Mauro Venegoni
Medaglia d’oro alla resistenza
Nato a Legnano il 4 ottobre 1903, è stato ucciso dalle camicie nere a Busto Arsizio (Varese) il 31 ottobre 1944.
Anch’egli come il fratello Carlo, è assunto in fabbrica come operaio a 12 anni. Nel 1917, ad appena 15 anni, entra con il fratello nella gioventù socialista e nel ’21 nel PcdI. In prima fila nella lotta antifascista, partecipa nel 1922 ai funerali di Giovanni Novara, giovane sindacalista assassinato dagli squadristi legnanesi. Ripetutamente e ferocemente perseguitato dai fascisti, nel 1923 si trasferisce a Milano e lavora alla Caproni. Nel 1924 ha lunghe frequentazioni con Gramsci, e scrive diverse “corrispondenze operaie” per l’Unità.
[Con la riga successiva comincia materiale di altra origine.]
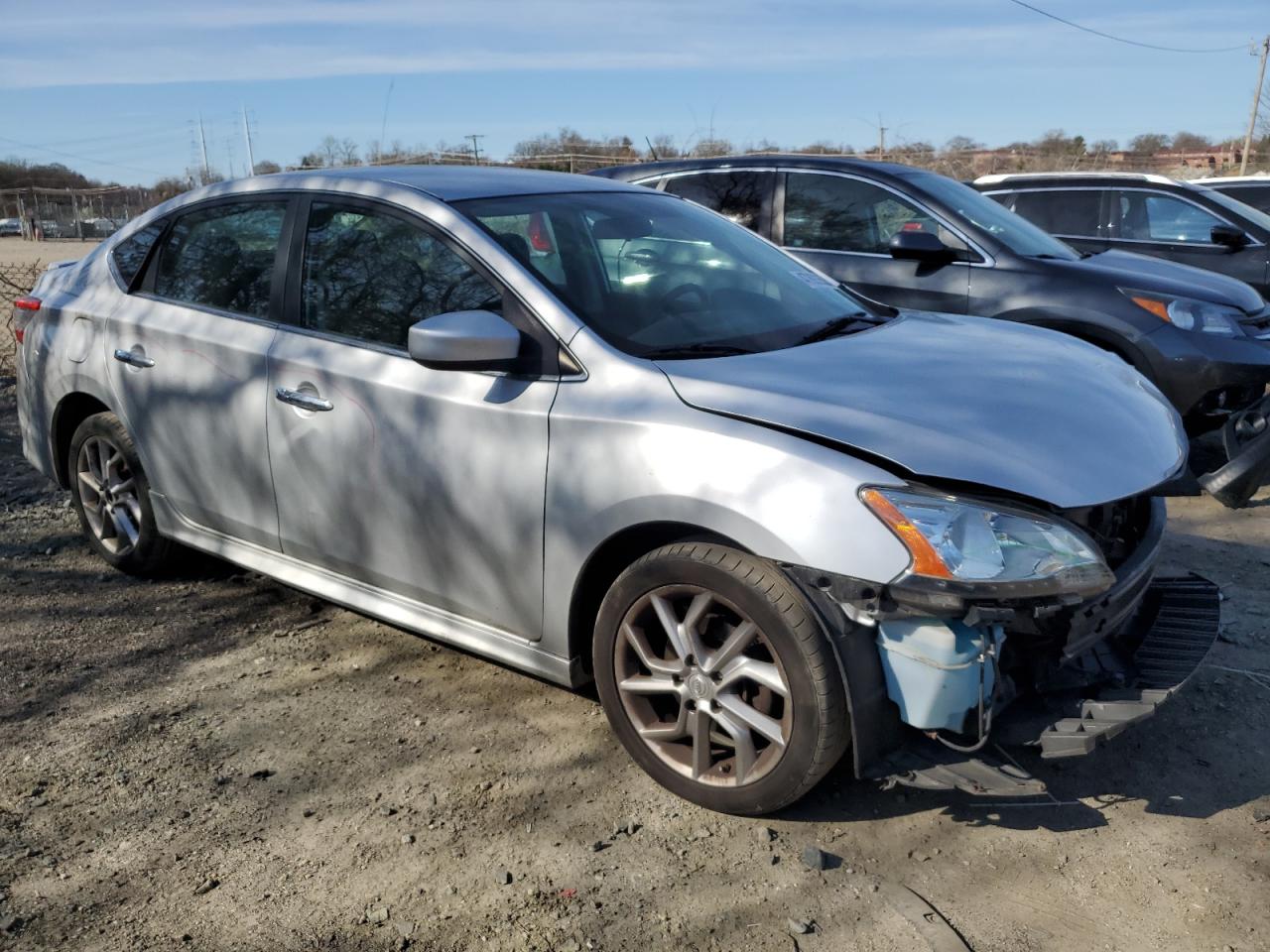 Photo 3 VIN: 3N1AB7AP3EY324613 - NISSAN SENTRA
Le aggressioni e l'arresto
Membro del Comitato sindacale nazionale comunista, più volte aggredito dagli squadristi, fermato e arrestato; alla fine del 1926 i Carabinieri di Legnano lo propongono per il confino, accompagnando la richiesta con un rapporto che è un inno alla sua tempra di militante antifascista. La richiesta viene lasciata cadere perché nel 1927 è incarcerato per 15 mesi con il fratello minore Pierino. Deferito al Tribunale Speciale, è infine assolto per insufficienza di prove.
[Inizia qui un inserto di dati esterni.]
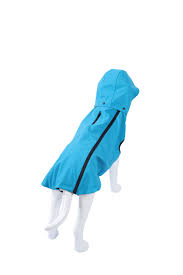 Raincoat Sky Blue L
Nel 1929 espatria in Francia, dove lavora come operaio alla Citroen. Nel 1930 viene inviato dal Centro di Parigi alla scuola leninista di Mosca. Ritornato in Francia e inviato in missione in Italia, nel maggio 1932 viene arrestato in Sicilia e condannato a cinque anni di reclusione, che sconta in gran parte a Civitavecchia. Sono anni di privazioni, di solitudine, ma anche di studio fecondo.
L'internamento
L’11 giugno 1940 (il giorno successivo all’entrata in guerra dell’Italia) è internato nel campo di Istonio Marina (l’attuale Vasto, in provincia di Chieti), dove è costretto a una vita di privazioni. A Istonio organizza subito un comitato clandestino di resistenza. Scoperto, è trasferito in punizione alle Tremiti, dove per le sue posizioni antistaliniste è radiato dal collettivo del partito.
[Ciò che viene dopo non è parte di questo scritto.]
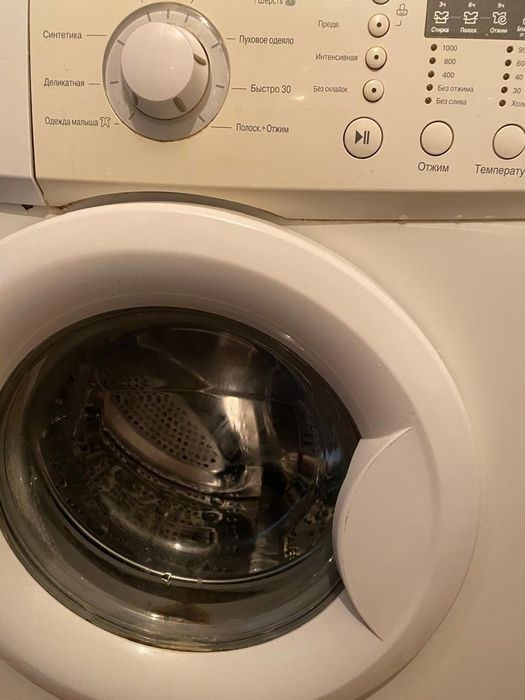 Продам стиральную машину рабочая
Liberato dal campo di concentramento delle Tremiti solo nell’agosto 1943, si impegna immediatamente nelle lotte operaie nell’Alto Milanese e dopo 1’8 settembre organizza e dirige il movimento sappista prima nell’Olonese e poi nel Vimercatese conquistandosi, nonostante la sua condizione di radiato, la stima e la fiducia dei militanti comunisti di base.
Catturato casualmente dai fascisti a Busto Arsizio, viene torturato e poi assassinato il 31 ottobre 1944. Il suo corpo è gettato in un campo a Cassano Magnago – dove oggi sorge un cippo commemorativo – e quindi sepolto in tutta fretta dalle autorità fasciste sotto il nome di Raimondi (il nome dei suoi documenti falsi). In questo modo i repubblichini cercano di occultare le orrende mutilazioni alle quali Mauro era stato sottoposto dai suoi carnefici, nel vano tentativo di strappargli informazioni sull’organizzazione partigiana della zona. Il corpo di Mauro sarà riesumato nell’ottobre 1945 e portato tra due ali di folla al cimitero di Legnano, per essere sepolto nel campo dei caduti partigiani.
Nel dopoguerra gli è stata conferita la Medaglia d’Oro al Valor Militare alla memoria.
Ai funerali di una vittima dei fascisti
Il 17 luglio dei 1922 Mauro non ha ancora compiuto 19 anni, ma è già uno degli antifascisti più in vista nella sua città, e ha già dovuto subire più di una volta gli attacchi delle squadracce, che in qualche caso gli hanno procurato serie ferite. La foto lo coglie nelle prime file dell’immenso corteo funebre che accompagna al cimitero Giovanni Novara, sindacalista assassinato dai fascisti in pieno giorno. Alla marcia su Roma mancano ancora pochi mesi.